Раз Бронштейн с одним рабочим пошёл в читальню. Там библиотекарша для статистики, между прочим, спрашивает рабочего о его религии. "Я — paциалист", с гордостью заявил тот. Библиотекарша в недоумении, первый раз в жизни слыша о такой религии. "Что вижу — признаю, чего не вижу — не признаю", с достоинством пояснил рабочий.
Другой рабочий, тоже гордость нашей организации, послушав paза 2-3 речи о революции, написал на малороссийском языке ("украинского" тогда ещё не было) стихотворение, из которого у меня в памяти задержались следующие строки:
"Ось пришовъ пророкъ велыкiй,
Марксомъ прозывався,
Покорывъ, царизмъ винъ дыкiй,
Тай за працю взявся...."
Этот "самородок", "краса и гордость русской революции", как выразился бы теперь Троцкий, рыжий, уже не совсем молодой paбочий, потом оказался шпионом-провокатором, предавшим всю нашу организацию.

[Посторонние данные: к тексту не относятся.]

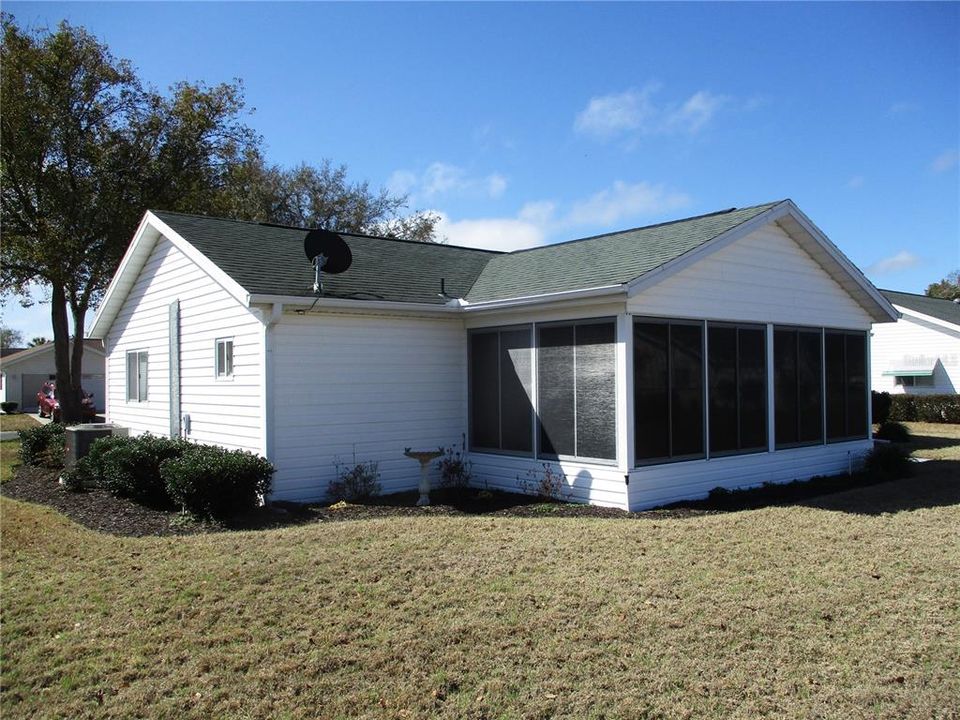 For Sale: $215,000 (2 beds, 2 baths, 1136 Square Feet)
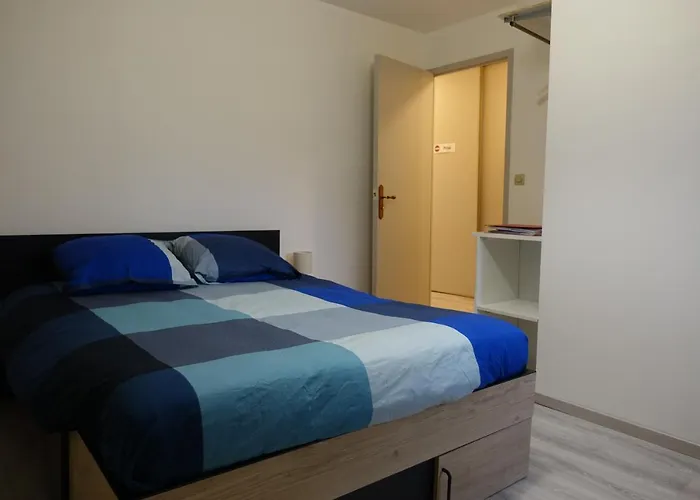Tout un 2eme étage à 300 mètres de la mer, chez l'habitant !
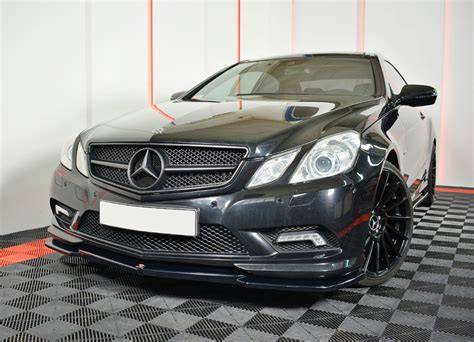Luxusní Mercedes-Benz třídy E z roku 2009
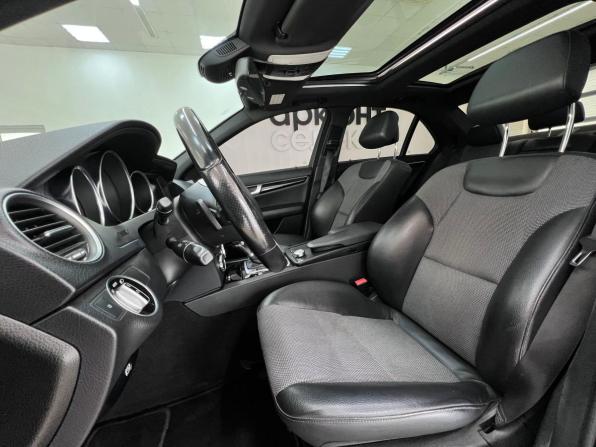 Mercedes-Benz C-Класс III (W204) Рестайлинг с пробегом 2012 года, цена 1 360 000 рублей, 212864 км, седан, Автокод Объявления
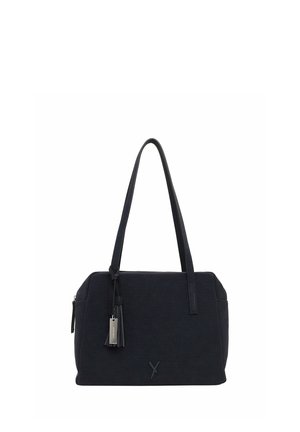 Borsa nera con due manici lunghi, superficie testurizzata, chiusura con cerniera, nappina decorativa con targhetta in metallo e piccolo logo a rilievo sul davanti.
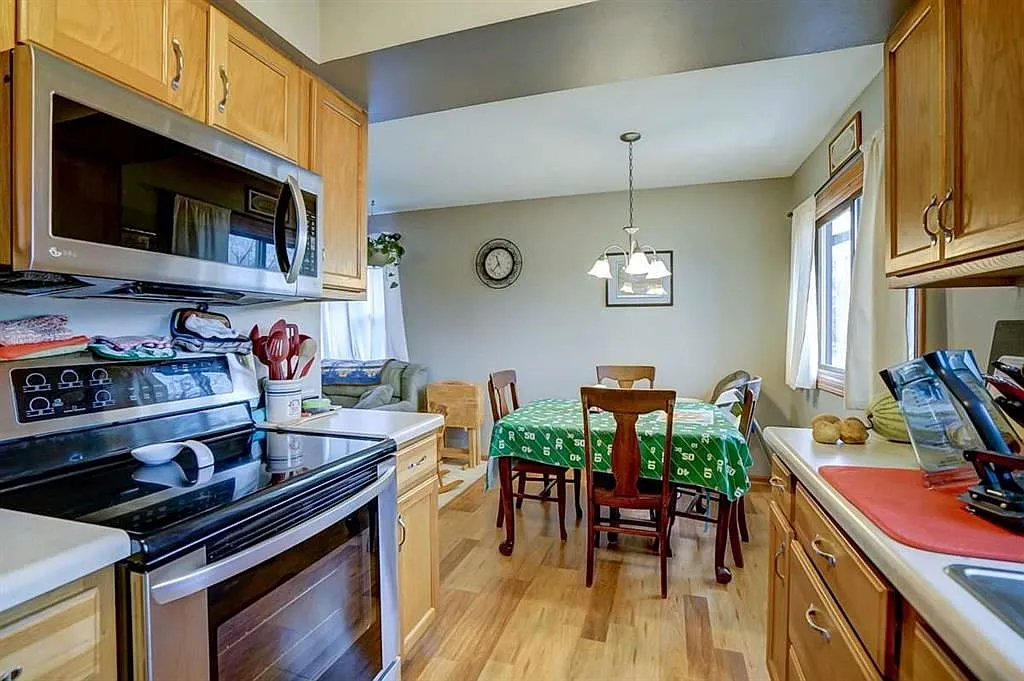 3 bed, 2.0 bath, 1450 sqft, $2,495 — Photo 1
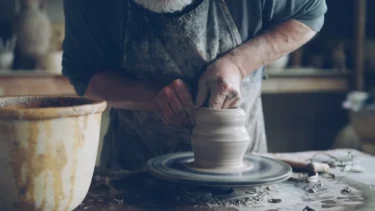 大人の陶芸が静かなブーム、初心者でも夢中になれる理由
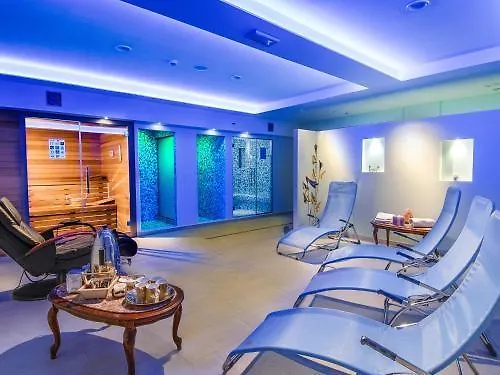 Bahamas Residence & Spa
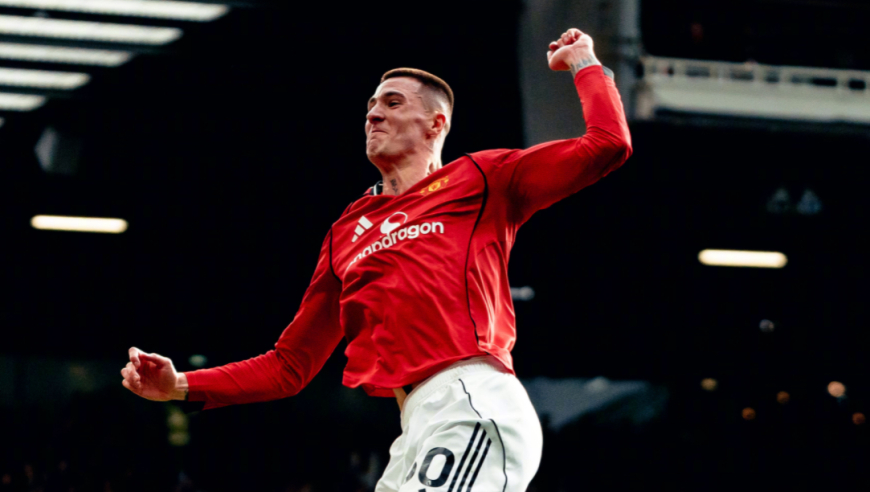 0-1到2-1！卡里克神了：曼联奇迹逆袭，神锋再次破门：8场轰入7球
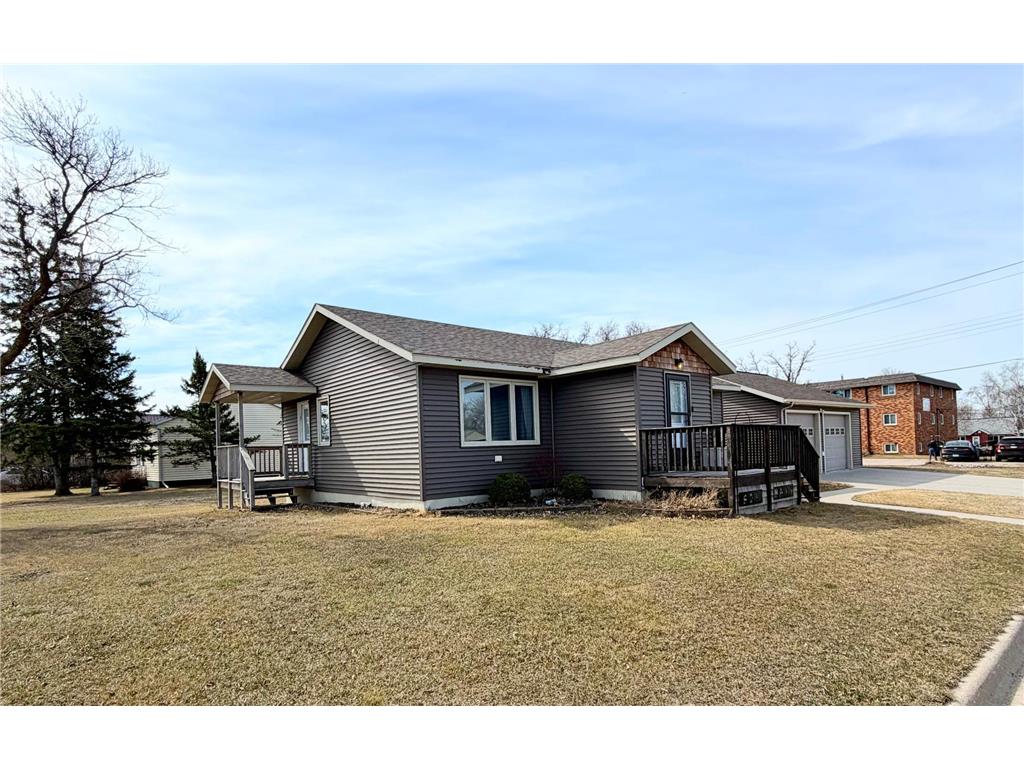 601 Main Street S Karlstad MN 56732 7060918 image1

Наша группа была первой социал-демократической организацией в Николаеве. Успех нас взвинчивал, так, что мы находились в состоянии, так, сказать, хронического энтузиазма. И львиной долей этих yспехов, мы несомненно были обязаны Бронштейну, неистощимая энергия, всесторонняя изобретательность и неутомимость которого не знали пределов.
Однажды Бронштейн пришёл ко мне с проектом устроить в лесу маленький митинг, на который наши рабочие должны были привести и своих друзей, ещё не пpиобщённых к нашей организации. Мы с Бронштейном условились, что оба произнесем речи. Зная, что агитационный багаж у нас обоих быль не богат, а скудные источники у нас обоих были одни и те же, мы боялись, как бы речи наши не оказались идентичными. Поэтому, перед тем, как отправиться на митинг, мы сообщили друг другу планы наших речей. К нашей радости оказалось, что речи не совпадают.
Бронштейн первый произнёс свою речь, которая продолжалась минуть десять. Когда очередь дошла до меня, я струсил и своей речи не произнёс.
Эта речь Бронштейна была его первым опытом в области ораторского искусства. Надо сознаться, что, не в пример его первым литературным выступлениям, это ораторское выступление, отнюдь не обнаруживало того мастера ораторского искусства, каким впоследствии оказался Троцкий; и его претензии на наследство Лассаля тогда были решительно преждевременны.
5
Сказанное отнюдь не следует понимать в том смысле, что Бронштейн тогда сознательно видел в революции лишь средство для собственного возвеличения, но, что в подсознательных центрах такое подчинение революции собственной личности имело место, — не может подлежать сомнению, особенно в ретроспектном свете его последующей карьеры.